Comparisons between cranelift and LLVM? · cranelift

Has there been any benchmarking of cranelift against LLVM recently? I know maintainers are reluctant to make these kinds of comparisons, and that it's easy to compare apples against oranges, etc; but at the same time, short build times are an explicit goal of the project and build time improvements are often mentioned in progress reports, so it makes sense to wonder how they stack up against the state of the art.

The only data I can find is the often-cited 20-30% figure from bjorn3 from 2020 (no associated benchmarks) and this arxiv paper from 2021 mentioned on the Cranelift readme.

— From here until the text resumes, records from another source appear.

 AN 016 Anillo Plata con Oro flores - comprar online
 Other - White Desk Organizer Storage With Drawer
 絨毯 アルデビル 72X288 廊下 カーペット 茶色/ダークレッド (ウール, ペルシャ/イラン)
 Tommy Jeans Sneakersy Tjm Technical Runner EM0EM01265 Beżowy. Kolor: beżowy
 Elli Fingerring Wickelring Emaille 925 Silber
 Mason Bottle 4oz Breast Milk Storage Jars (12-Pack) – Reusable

Add cg_clif as optional codegen backend by bjorn3 · Pull Request #77975 · rust-lang/rust

Rustc_codegen_cranelift is an alternative codegen backend for rustc based on Cranelift. It has the potential to improve compilation times in debug mode. In my experience the compile time improvemen...

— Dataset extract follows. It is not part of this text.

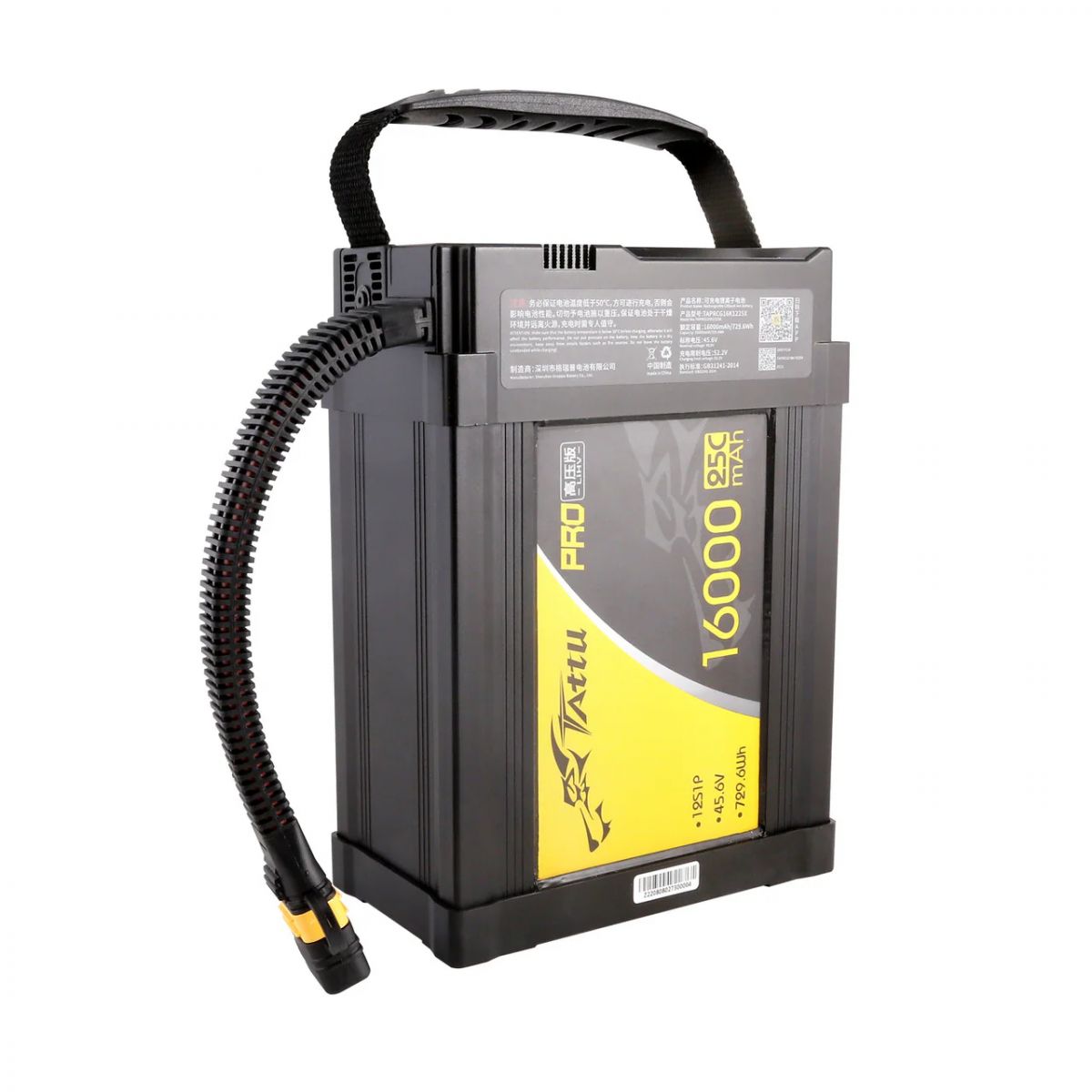 Аккумулятор Tattu Pro NMC 16000mAh 45.6V 25C 12S1P HV Smart с разъемом AS150U-F для агродронов Аккумулятор Tattu Pro NMC 16000mAh 45.6V 25C 12S1P HV Smart с разъемом AS150U-F для агродронов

bjorn3 (Oct 10 2022 at 12:27):

Compiling https://github.com/ebobby/simple-raytracer/ from scratch in debug mode is what I used as benchmark for that ~20-30% figure. This covers the full compilation. The time spent in the codegen backend is about half of that.

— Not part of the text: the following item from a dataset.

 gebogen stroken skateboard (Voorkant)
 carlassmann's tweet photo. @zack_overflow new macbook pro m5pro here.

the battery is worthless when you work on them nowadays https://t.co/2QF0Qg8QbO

GitHub - ebobby/simple-raytracer: Simple ray tracing project in Rust to learn both Rust and the algorithms and math for raytracing.

Simple ray tracing project in Rust to learn both Rust and the algorithms and math for raytracing. - GitHub - ebobby/simple-raytracer: Simple ray tracing project in Rust to learn both Rust and the a...

Chris Fallin (Oct 10 2022 at 16:07):

@Olivier FAURE most of my work in this area has been driven by comparisons against SpiderMonkey, rather than LLVM. We're faster than LLVM (sometimes by a lot) so it's somewhat less interesting -- "hey great, we won!" -- whereas SM is currently 2-3x faster at compiling the same Wasm module as Wasmtime-with-Cranelift, so there's a lot to learn

Chris Fallin (Oct 10 2022 at 16:08):

there are active efforts to dig further into this and drive improvements based on it

Olivier FAURE (Oct 11 2022 at 11:00):

Faster for code of equivalent quality? I'm not sure how much that's been measured.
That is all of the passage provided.